■ EXERCISE DATA ■
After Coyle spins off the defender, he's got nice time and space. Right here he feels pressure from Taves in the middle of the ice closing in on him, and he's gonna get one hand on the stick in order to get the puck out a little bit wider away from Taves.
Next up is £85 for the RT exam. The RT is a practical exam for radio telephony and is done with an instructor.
...
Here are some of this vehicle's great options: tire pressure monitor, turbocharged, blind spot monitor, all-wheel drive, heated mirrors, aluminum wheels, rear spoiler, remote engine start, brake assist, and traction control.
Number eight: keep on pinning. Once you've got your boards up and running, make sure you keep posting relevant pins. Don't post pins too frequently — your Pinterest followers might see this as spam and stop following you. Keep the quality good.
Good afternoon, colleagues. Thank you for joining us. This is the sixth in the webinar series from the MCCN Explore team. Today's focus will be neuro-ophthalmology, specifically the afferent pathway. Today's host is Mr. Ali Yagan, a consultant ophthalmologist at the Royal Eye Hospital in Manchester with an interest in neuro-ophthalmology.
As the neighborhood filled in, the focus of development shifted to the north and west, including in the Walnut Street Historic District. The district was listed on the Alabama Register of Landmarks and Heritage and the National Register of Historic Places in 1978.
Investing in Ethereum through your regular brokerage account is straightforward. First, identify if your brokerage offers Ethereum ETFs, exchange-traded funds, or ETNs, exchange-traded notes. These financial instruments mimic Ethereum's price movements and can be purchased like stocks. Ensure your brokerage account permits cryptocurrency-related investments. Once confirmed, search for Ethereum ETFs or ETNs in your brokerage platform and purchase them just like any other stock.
==
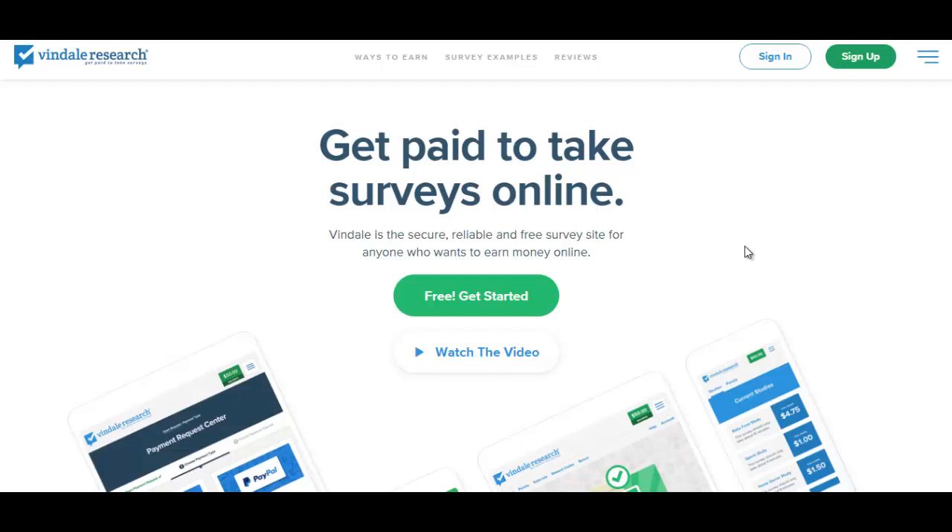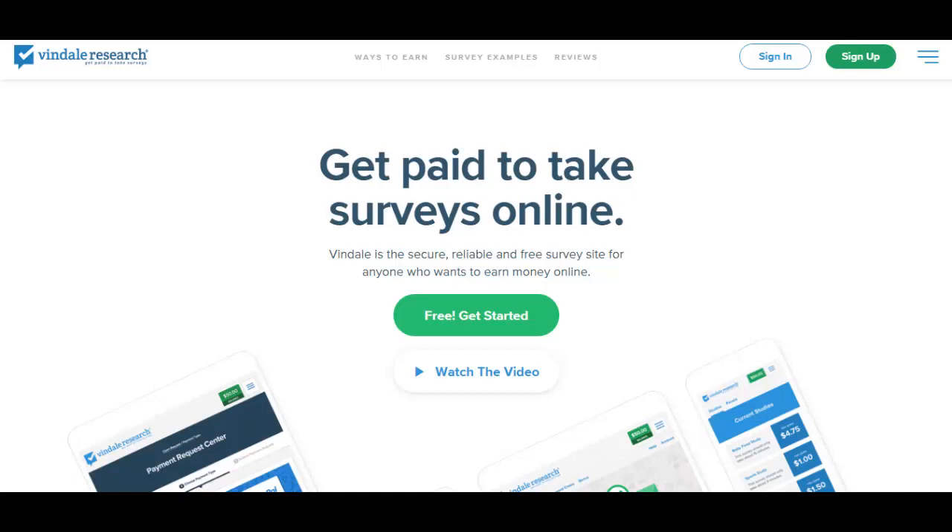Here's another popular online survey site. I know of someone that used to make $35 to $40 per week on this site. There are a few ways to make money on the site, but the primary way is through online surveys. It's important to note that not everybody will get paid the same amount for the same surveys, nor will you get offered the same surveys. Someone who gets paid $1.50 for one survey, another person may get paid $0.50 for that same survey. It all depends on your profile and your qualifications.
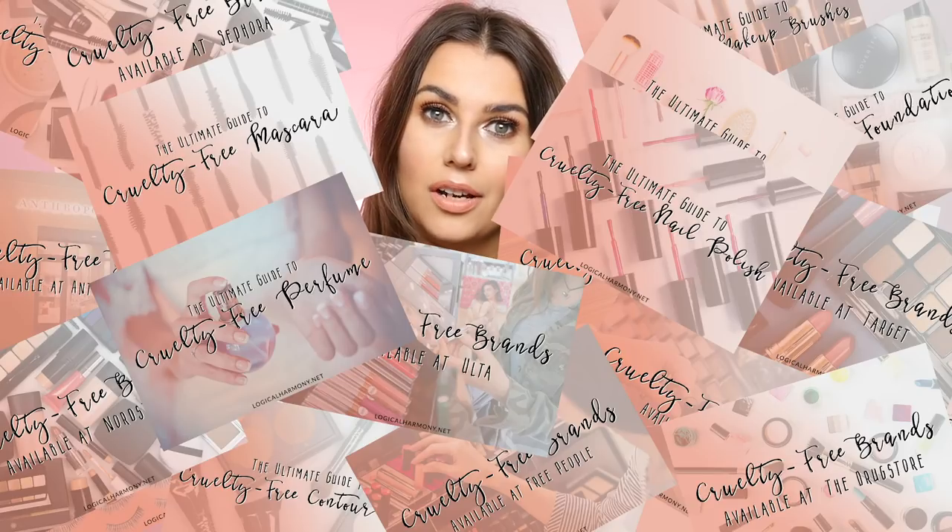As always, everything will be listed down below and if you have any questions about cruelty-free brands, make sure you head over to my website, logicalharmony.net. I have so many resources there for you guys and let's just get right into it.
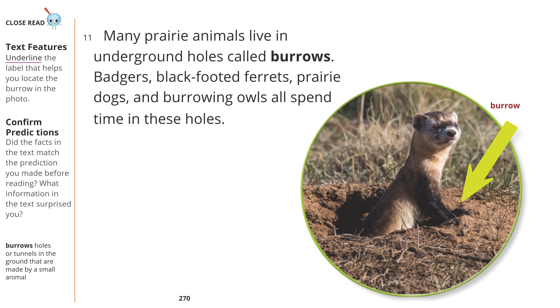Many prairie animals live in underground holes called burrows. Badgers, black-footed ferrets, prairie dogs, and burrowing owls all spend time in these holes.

■ TASK PROMPT ■
Please, from the material above, copy only the lines from the line with "After Coyle spins" up to and including the line with "Next up is £85", exactly as written.

■ ANSWER ■
After Coyle spins off the defender, he's got nice time and space. Right here he feels pressure from Taves in the middle of the ice closing in on him, and he's gonna get one hand on the stick in order to get the puck out a little bit wider away from Taves.
Next up is £85 for the RT exam. The RT is a practical exam for radio telephony and is done with an instructor.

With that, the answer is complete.